In the data below, locate the line containing "Orologi Da Parete" and the line containing "Perfee Floral Surplice", then retype both and everything between them exactly. Pictures are not part of the copy.

Recorded information —
↓↓↓
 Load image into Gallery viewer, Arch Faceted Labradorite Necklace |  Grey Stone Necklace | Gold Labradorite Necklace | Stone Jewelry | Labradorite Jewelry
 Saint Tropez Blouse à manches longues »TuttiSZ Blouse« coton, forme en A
↑↑↑
↓↓↓
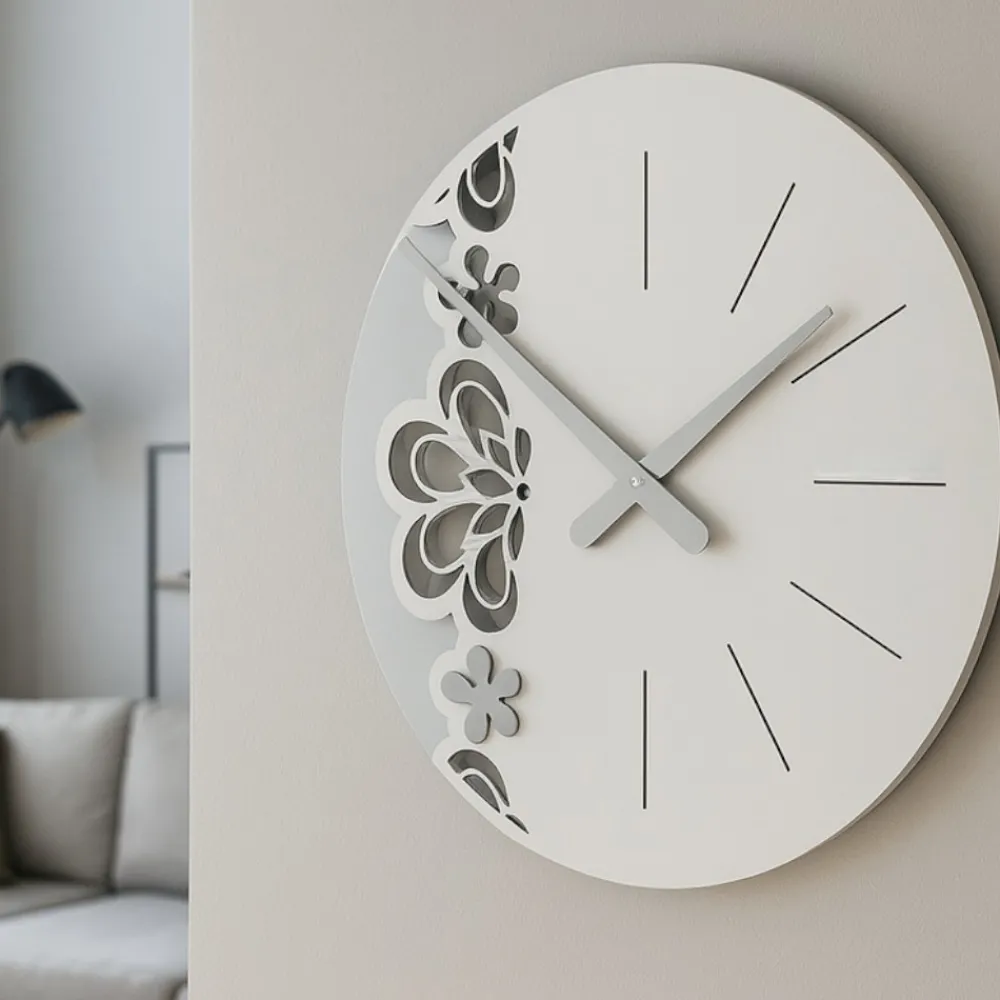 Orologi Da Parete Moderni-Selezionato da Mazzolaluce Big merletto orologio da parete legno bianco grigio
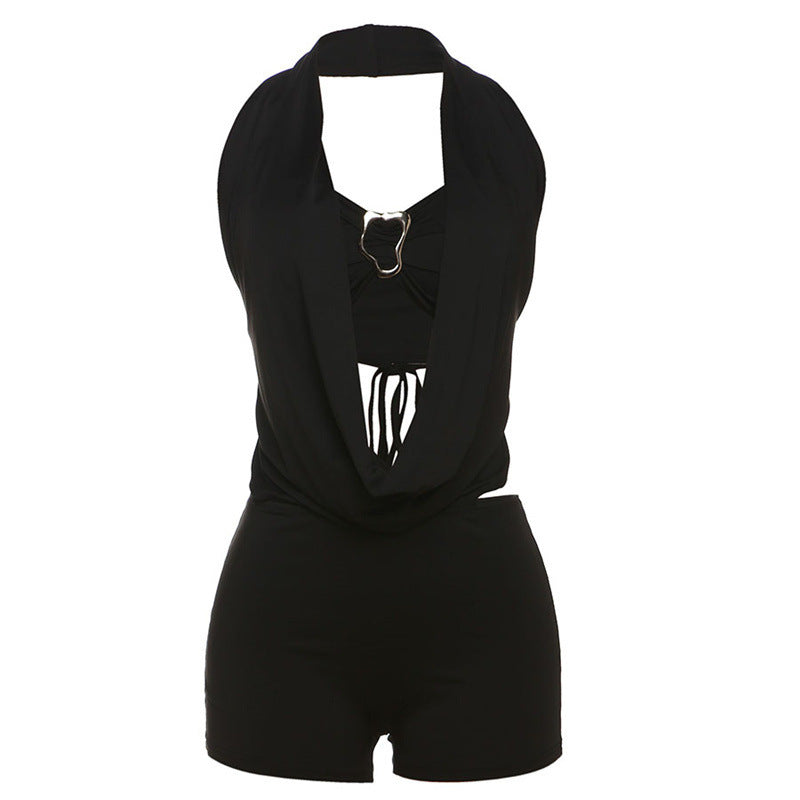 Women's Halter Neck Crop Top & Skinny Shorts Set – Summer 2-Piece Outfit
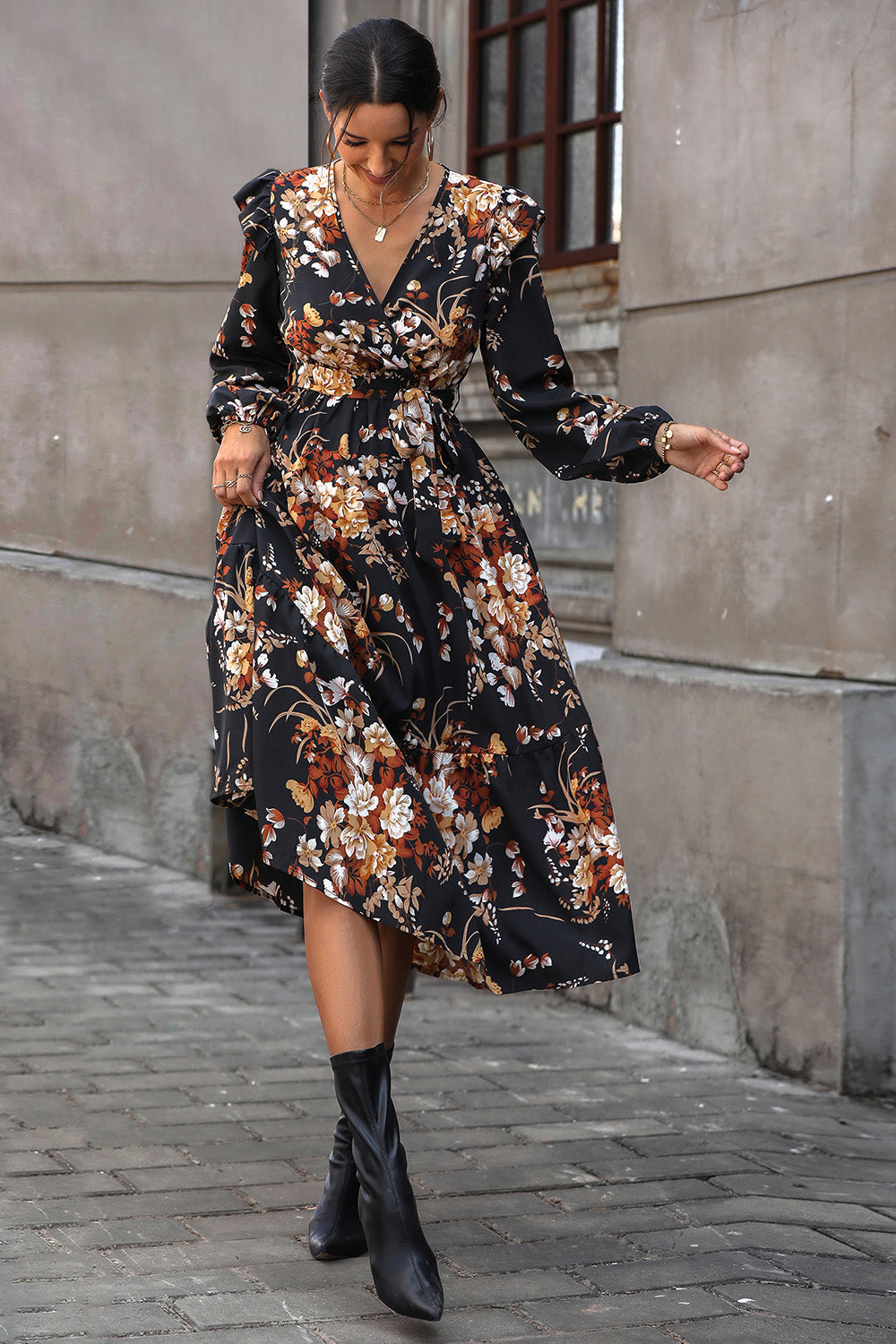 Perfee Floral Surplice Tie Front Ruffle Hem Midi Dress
↑↑↑
Task answer —
 Orologi Da Parete Moderni-Selezionato da Mazzolaluce Big merletto orologio da parete legno bianco grigio
 Women's Halter Neck Crop Top & Skinny Shorts Set – Summer 2-Piece Outfit
 Perfee Floral Surplice Tie Front Ruffle Hem Midi Dress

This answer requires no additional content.